[Stored items]
Start of Block

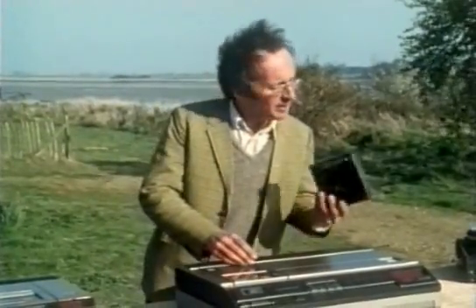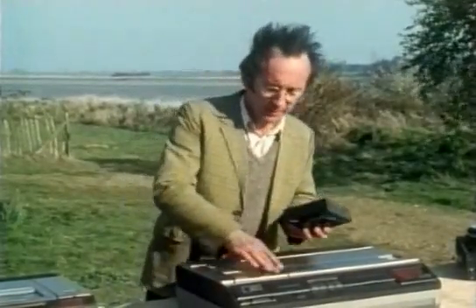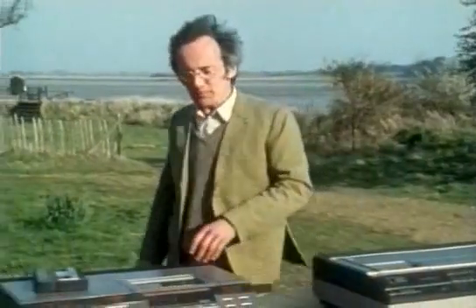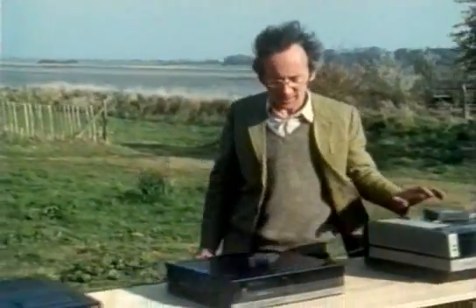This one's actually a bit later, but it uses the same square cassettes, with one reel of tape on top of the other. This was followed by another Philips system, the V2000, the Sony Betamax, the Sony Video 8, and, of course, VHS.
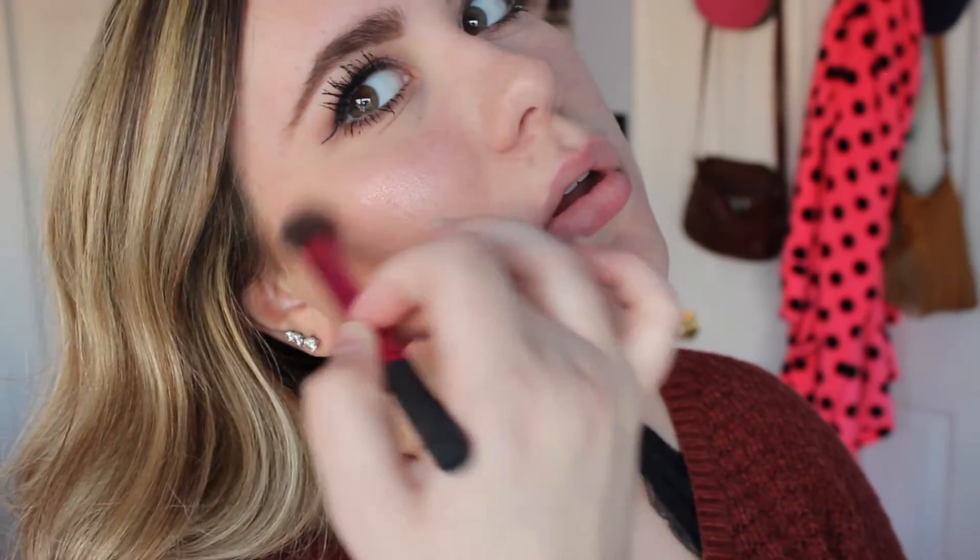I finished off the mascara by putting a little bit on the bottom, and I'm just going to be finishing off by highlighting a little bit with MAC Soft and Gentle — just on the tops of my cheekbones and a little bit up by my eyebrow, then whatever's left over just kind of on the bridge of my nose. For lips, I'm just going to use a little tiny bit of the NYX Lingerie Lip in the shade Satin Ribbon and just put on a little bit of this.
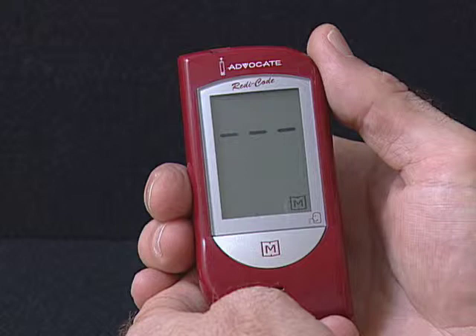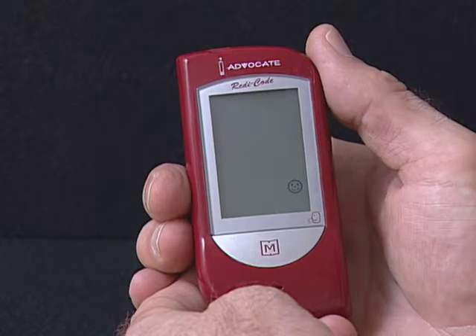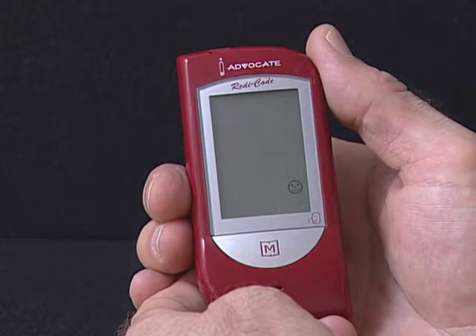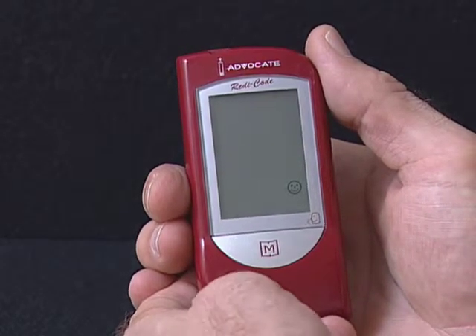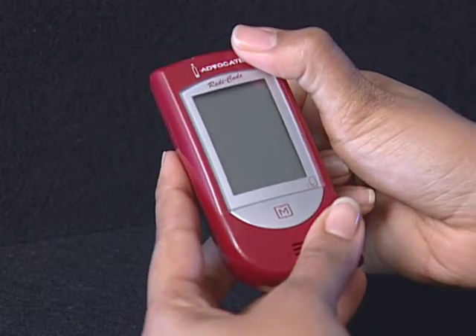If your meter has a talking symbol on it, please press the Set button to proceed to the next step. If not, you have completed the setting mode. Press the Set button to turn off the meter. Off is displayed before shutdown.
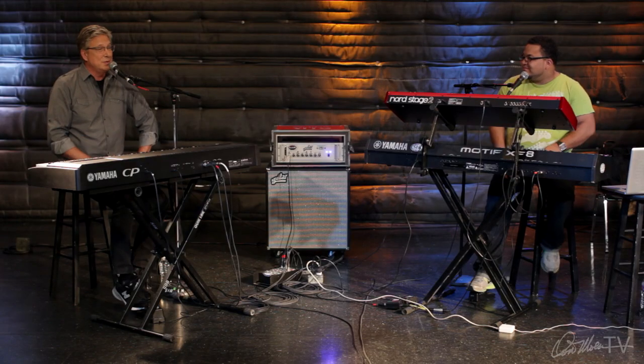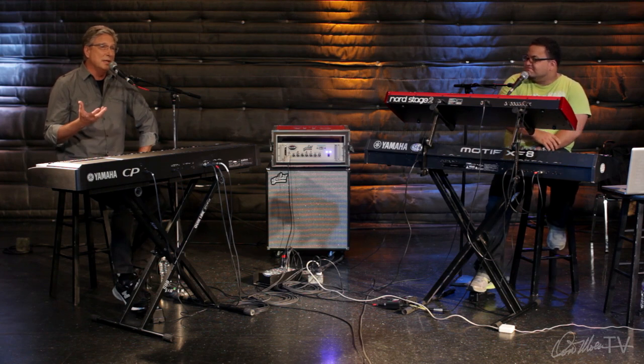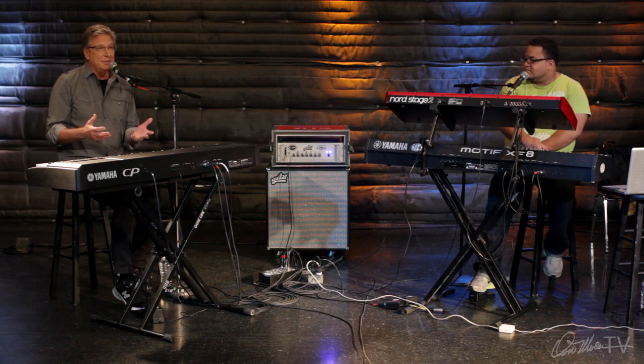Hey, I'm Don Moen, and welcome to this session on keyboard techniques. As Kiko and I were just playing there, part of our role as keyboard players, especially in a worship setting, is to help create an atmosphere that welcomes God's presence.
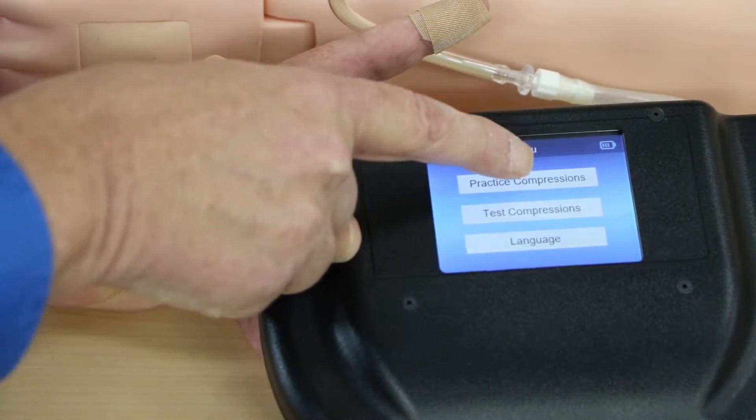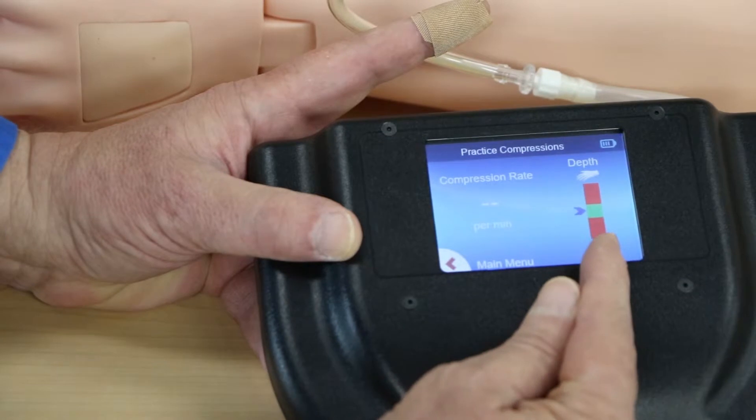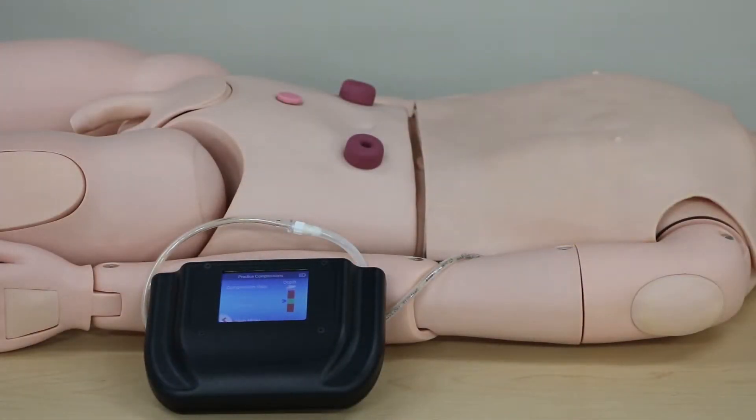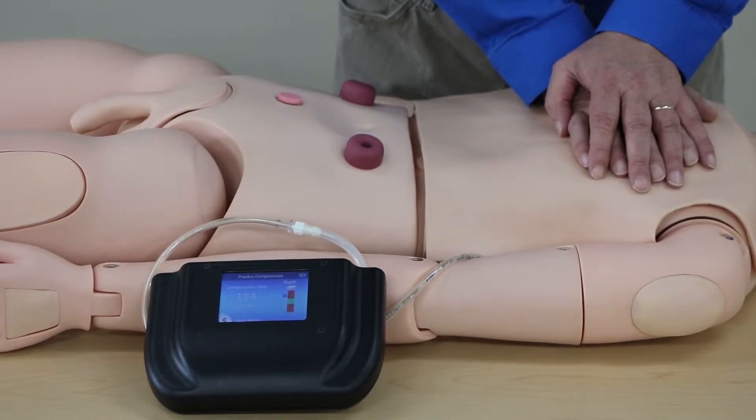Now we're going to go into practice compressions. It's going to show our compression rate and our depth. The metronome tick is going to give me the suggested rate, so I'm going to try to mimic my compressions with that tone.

End of Block

- [To do] Reproduce word for word the lines from the one containing "If your meter" through the end of the data, both ends kept. Drop the pictures.

- [Solution to the exercise]
If your meter has a talking symbol on it, please press the Set button to proceed to the next step. If not, you have completed the setting mode. Press the Set button to turn off the meter. Off is displayed before shutdown.
Hey, I'm Don Moen, and welcome to this session on keyboard techniques. As Kiko and I were just playing there, part of our role as keyboard players, especially in a worship setting, is to help create an atmosphere that welcomes God's presence.
Now we're going to go into practice compressions. It's going to show our compression rate and our depth. The metronome tick is going to give me the suggested rate, so I'm going to try to mimic my compressions with that tone.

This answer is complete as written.